## Work to complete
With all images omitted, write out the records word for word.

## Given records
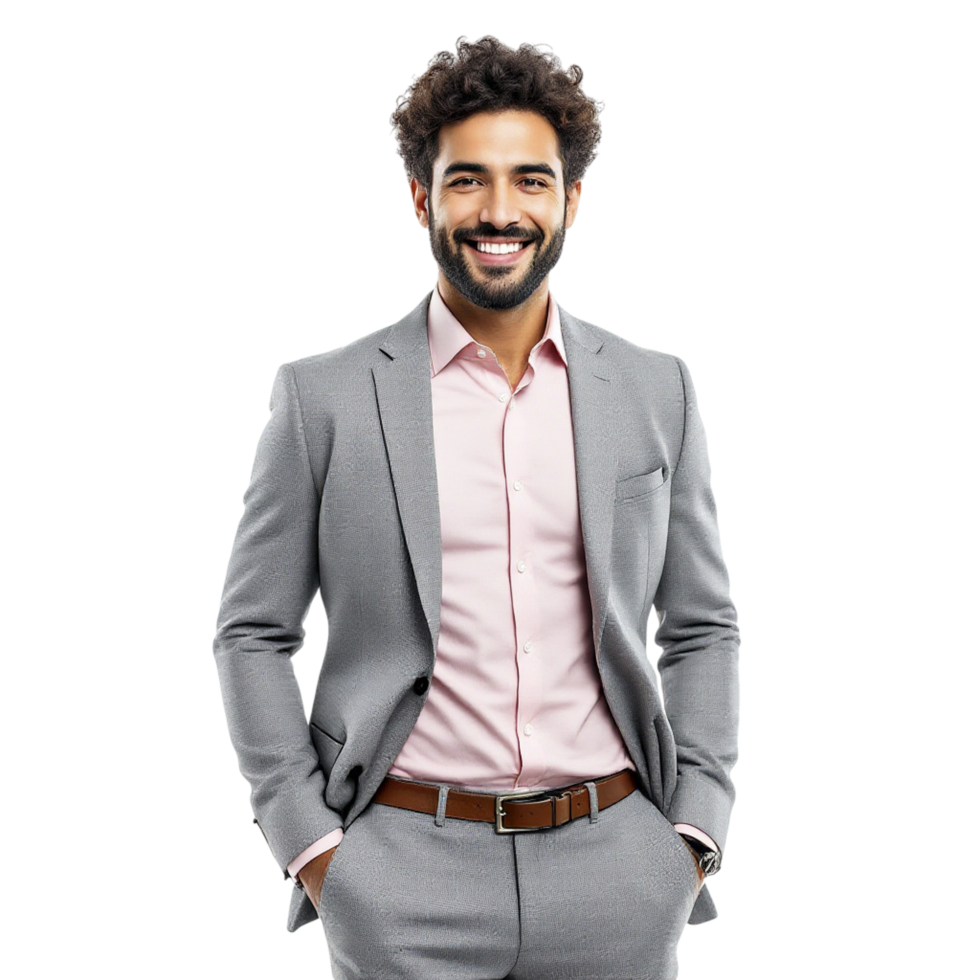 A man in a suit is smiling png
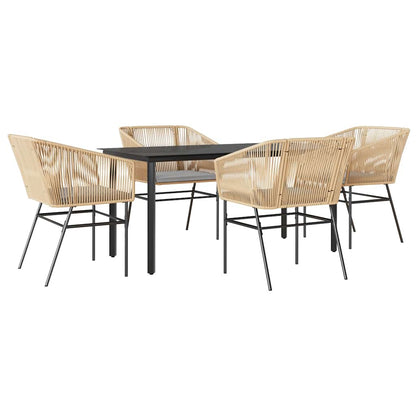 Set da Pranzo da Giardino 5pz con Cuscini Polyrattan Vetro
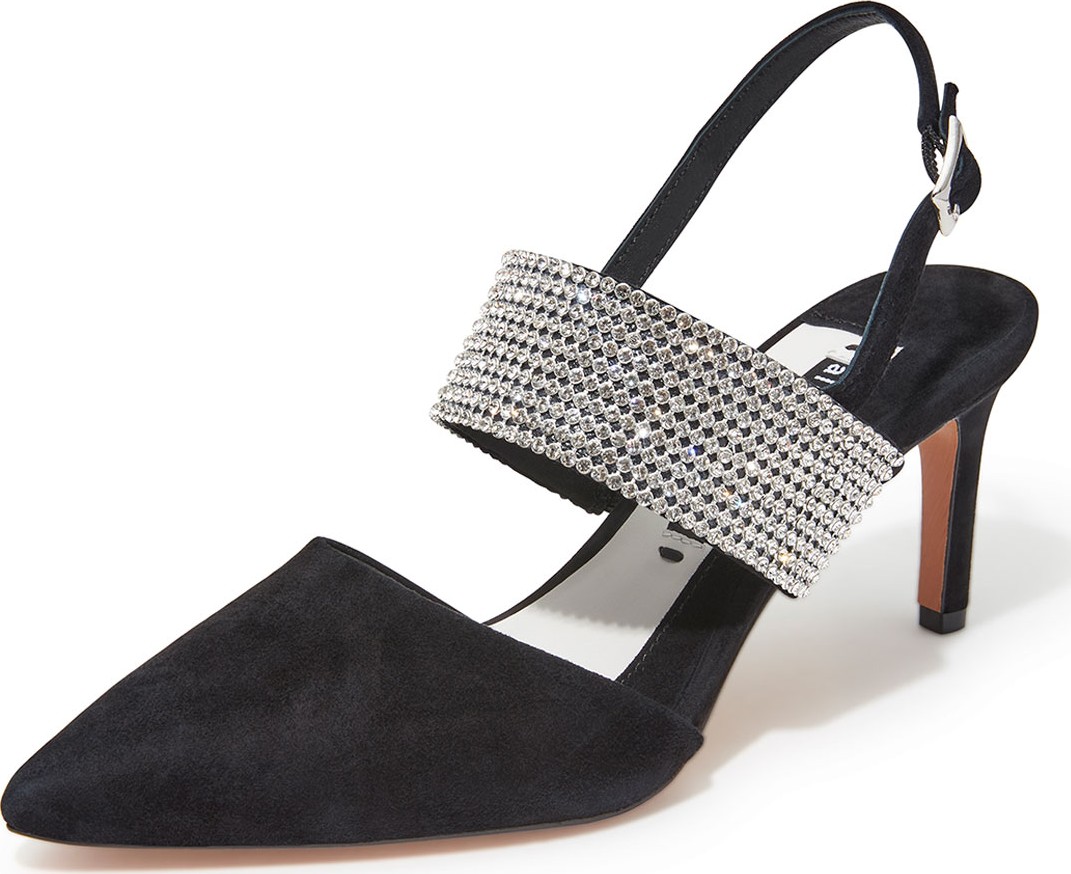 Alice + Olivia Mabli Suede Crystal Slingback Pumps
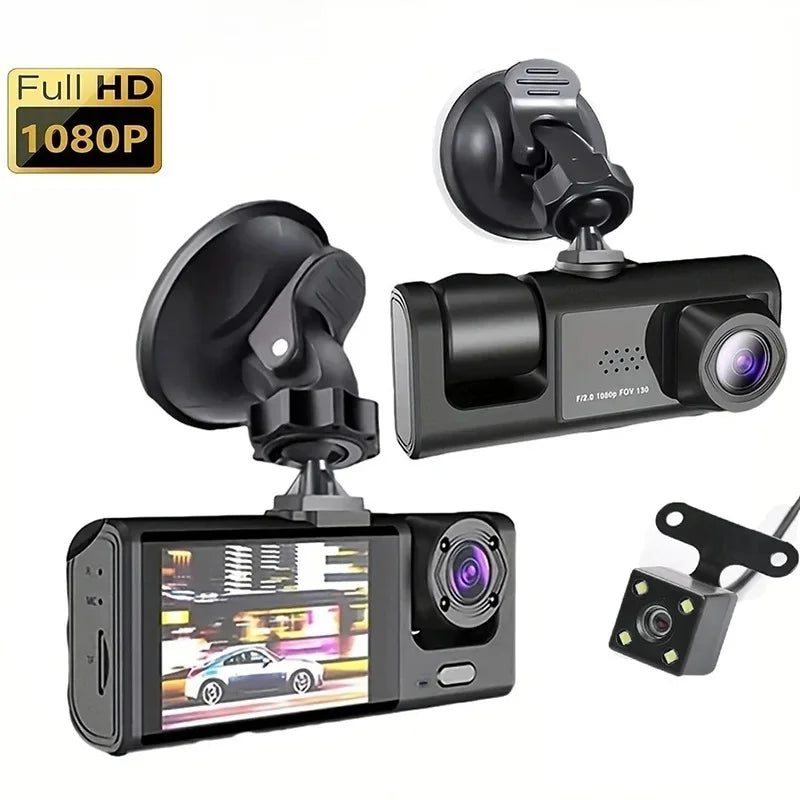 HONG TONG 1080P Car Dvr 2Camra Dash Cam Cars Camera for Vehicle Recorder Video Front Optional Rear Camera  Night Vision Dashcam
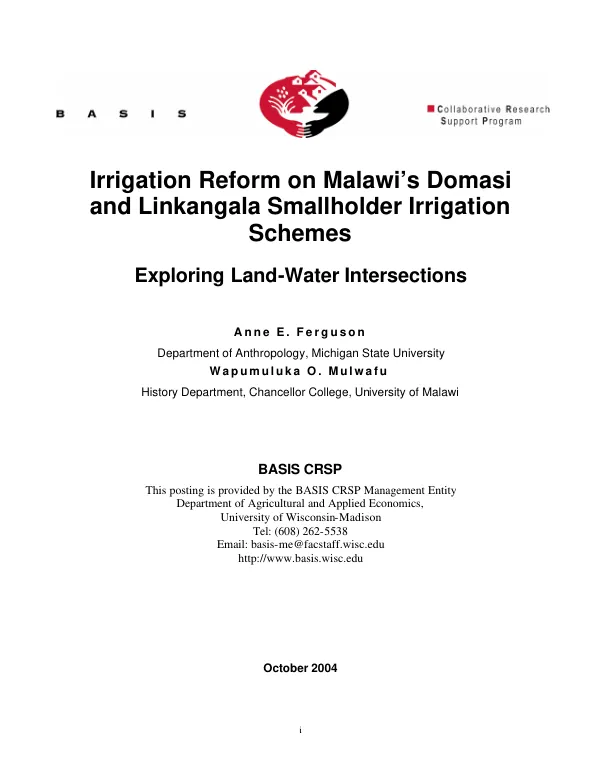 Irrigation reform on Malawi"s Domasi and Linkangala smallholder irrigation schemes : exploring land-water intersections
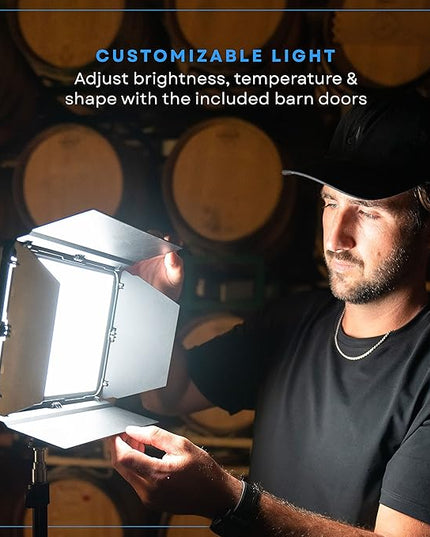 Lume Cube Studio Panel 2-Point Lighting Kit | Edge Lit LED Bicolor Light Panels 3200k - 5600k | Rechargeable Lithium Battery, Adjustable Color, Brightness, 70" Stands, Wireless Remote Included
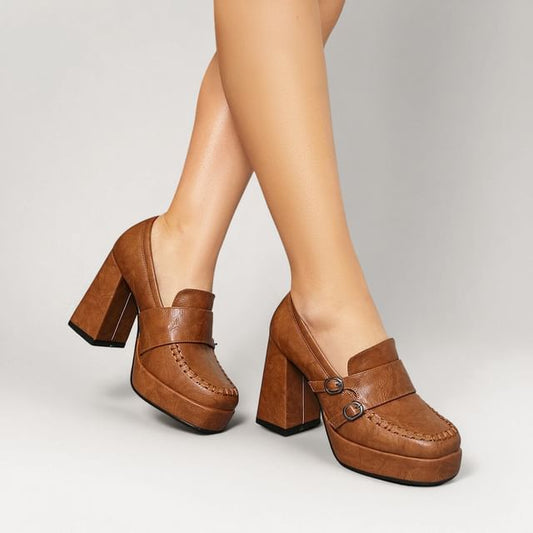 Faux Leather Buckled Platform Chunky Heel Loafers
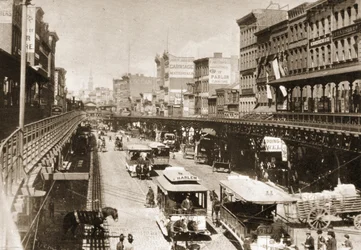 The Bowery, looking north from Canal Street, New York City, 1888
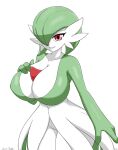  big_breasts breasts curvaceous curvy_figure female gardevoir generation_3_pokemon green_body green_hair grin hair hair_over_eye hi_res humanoid looking_at_viewer nintendo one_eye_obstructed pokemon pokemon_(species) red_eyes simple_background smile solo soulkibble standing thick_thighs voluptuous white_background white_body wide_hips 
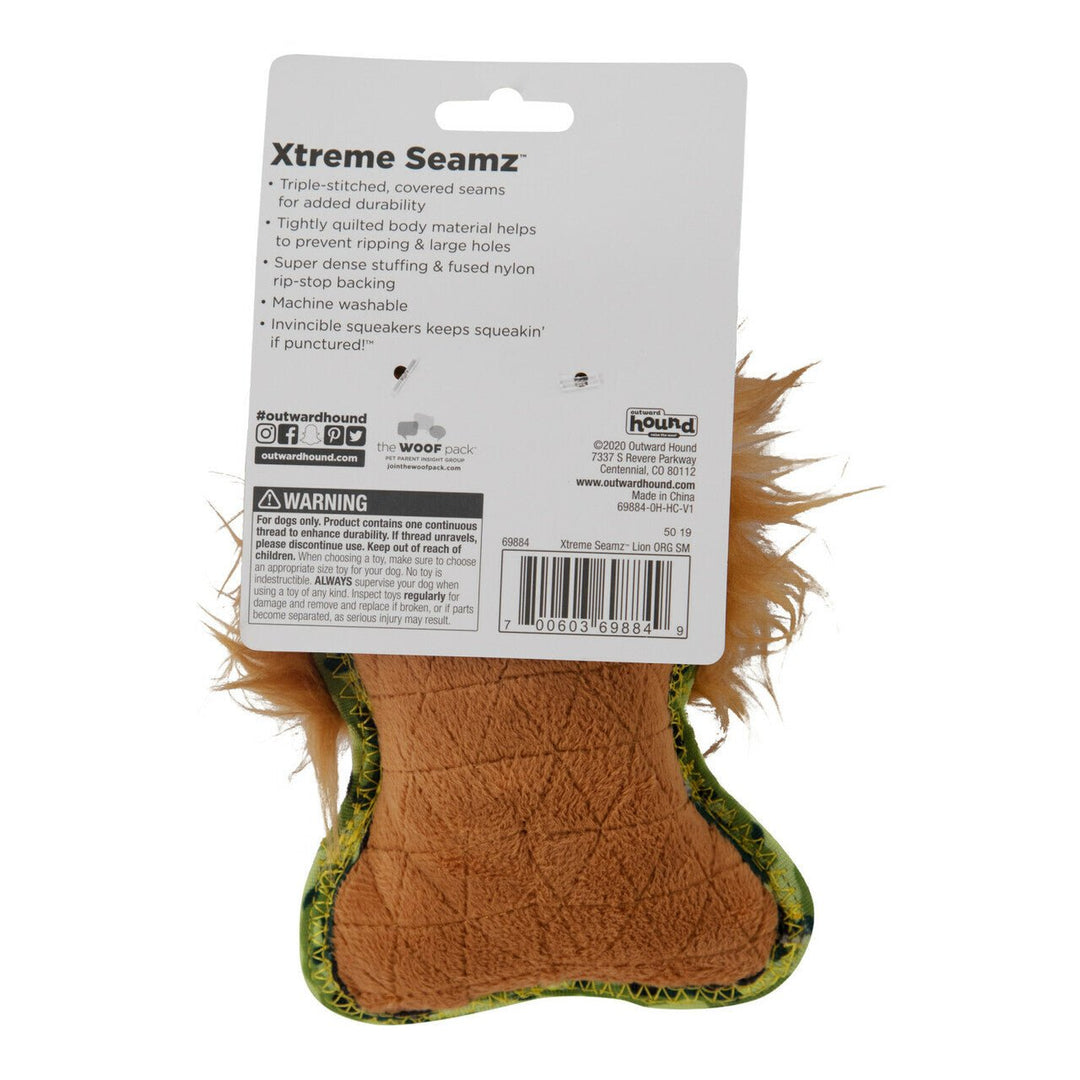 Outward Hound Xtreme Seamz Squeaker Dog Toy - Lion-Toy-Dizzy Dog Collars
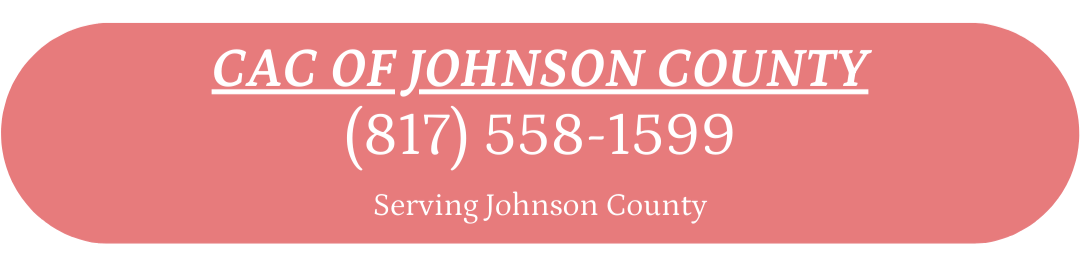 Business card for CAC of Johnson County with phone number (817) 558-1599, serving Johnson County, with a red rounded rectangular background and white text.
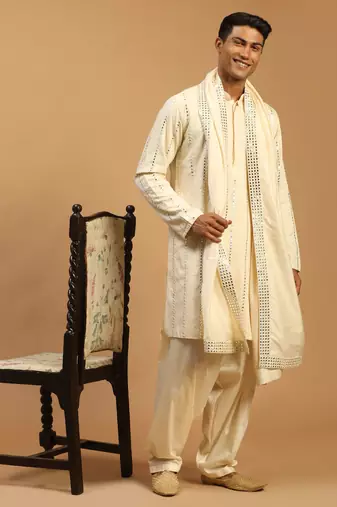 cream viscose kurta and patiala set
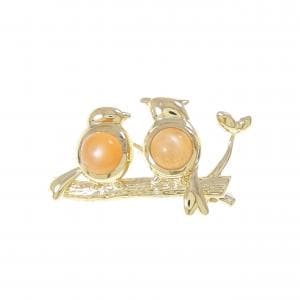 K18YG バード ムーンストーン ブローチ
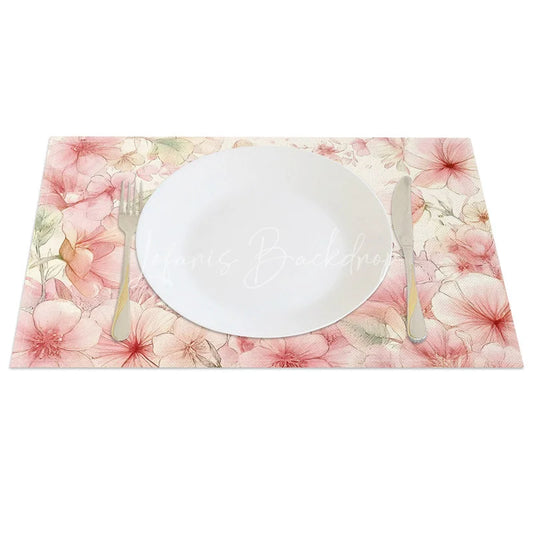 Lofaris Spring Pink Floral Set of 4 Placemats Cute Easter Bunny Blossom Table Mats for Kitchen Dining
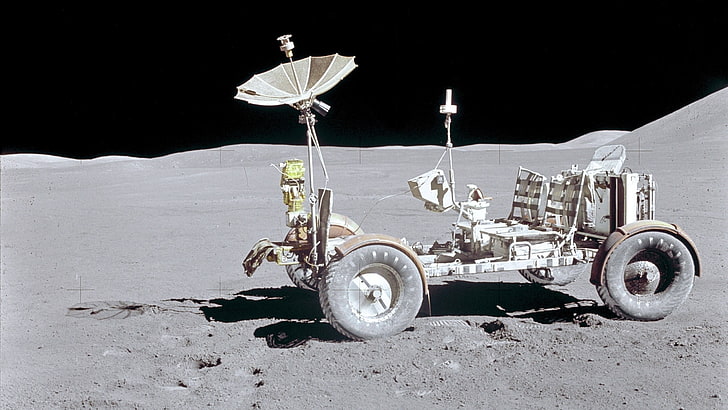 фотосигнал в сива скала на Луна, Луна, НАСА, Лунно марсоход, космос, превозно средство, HD тапет
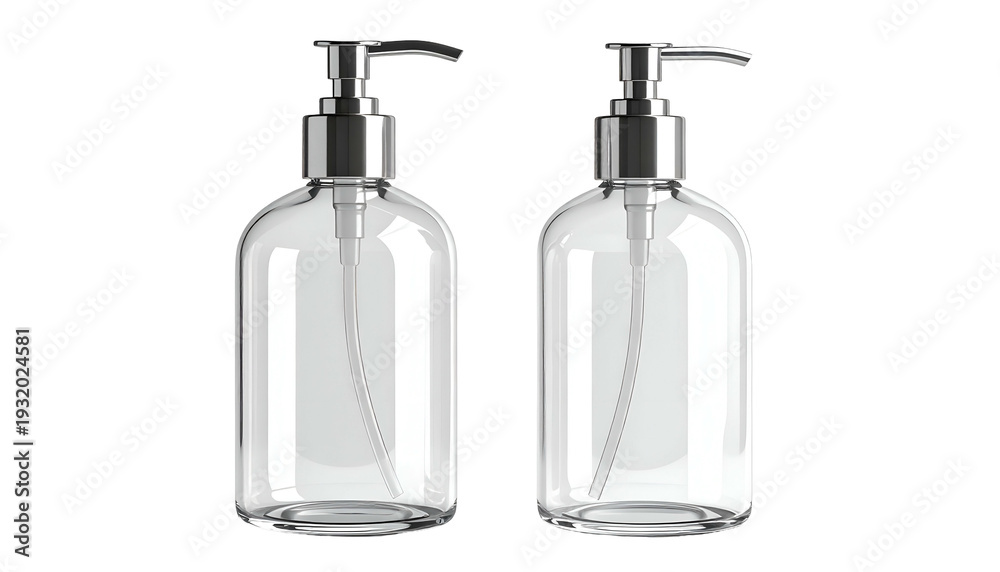 Fototapeta premium Two identical clear glass bottles with silver pump dispensers, on a black background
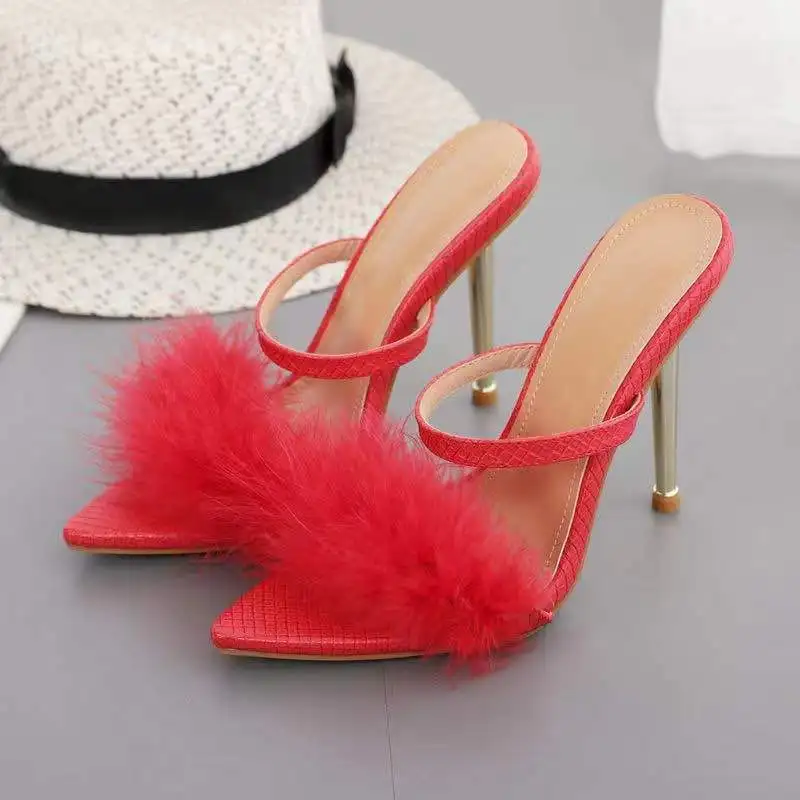 

2023 Size 42 43 Women Sandals Blue Fashion Womans Pumps Furry Thin Heels Summer Sexy Black Female Slipper Woman Club High Heels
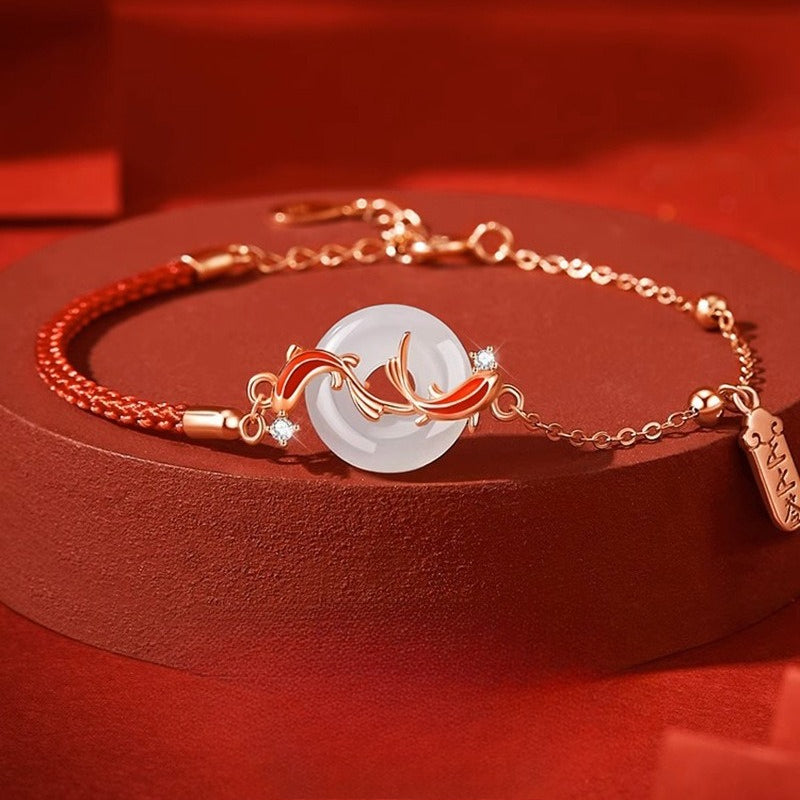 Planderful Sterling Silver Koi And Tian Jade Safety Buckle Bracelet Red Rope For Girlfriend Gift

## Answer to this task
 A man in a suit is smiling png
 Set da Pranzo da Giardino 5pz con Cuscini Polyrattan Vetro
 Alice + Olivia Mabli Suede Crystal Slingback Pumps
 HONG TONG 1080P Car Dvr 2Camra Dash Cam Cars Camera for Vehicle Recorder Video Front Optional Rear Camera  Night Vision Dashcam
 Irrigation reform on Malawi"s Domasi and Linkangala smallholder irrigation schemes : exploring land-water intersections
 Lume Cube Studio Panel 2-Point Lighting Kit | Edge Lit LED Bicolor Light Panels 3200k - 5600k | Rechargeable Lithium Battery, Adjustable Color, Brightness, 70" Stands, Wireless Remote Included
 Faux Leather Buckled Platform Chunky Heel Loafers
 The Bowery, looking north from Canal Street, New York City, 1888
  big_breasts breasts curvaceous curvy_figure female gardevoir generation_3_pokemon green_body green_hair grin hair hair_over_eye hi_res humanoid looking_at_viewer nintendo one_eye_obstructed pokemon pokemon_(species) red_eyes simple_background smile solo soulkibble standing thick_thighs voluptuous white_background white_body wide_hips 
 Outward Hound Xtreme Seamz Squeaker Dog Toy - Lion-Toy-Dizzy Dog Collars
 Business card for CAC of Johnson County with phone number (817) 558-1599, serving Johnson County, with a red rounded rectangular background and white text.
 cream viscose kurta and patiala set
 K18YG バード ムーンストーン ブローチ
 Lofaris Spring Pink Floral Set of 4 Placemats Cute Easter Bunny Blossom Table Mats for Kitchen Dining
 фотосигнал в сива скала на Луна, Луна, НАСА, Лунно марсоход, космос, превозно средство, HD тапет
 Fototapeta premium Two identical clear glass bottles with silver pump dispensers, on a black background

2023 Size 42 43 Women Sandals Blue Fashion Womans Pumps Furry Thin Heels Summer Sexy Black Female Slipper Woman Club High Heels
 Planderful Sterling Silver Koi And Tian Jade Safety Buckle Bracelet Red Rope For Girlfriend Gift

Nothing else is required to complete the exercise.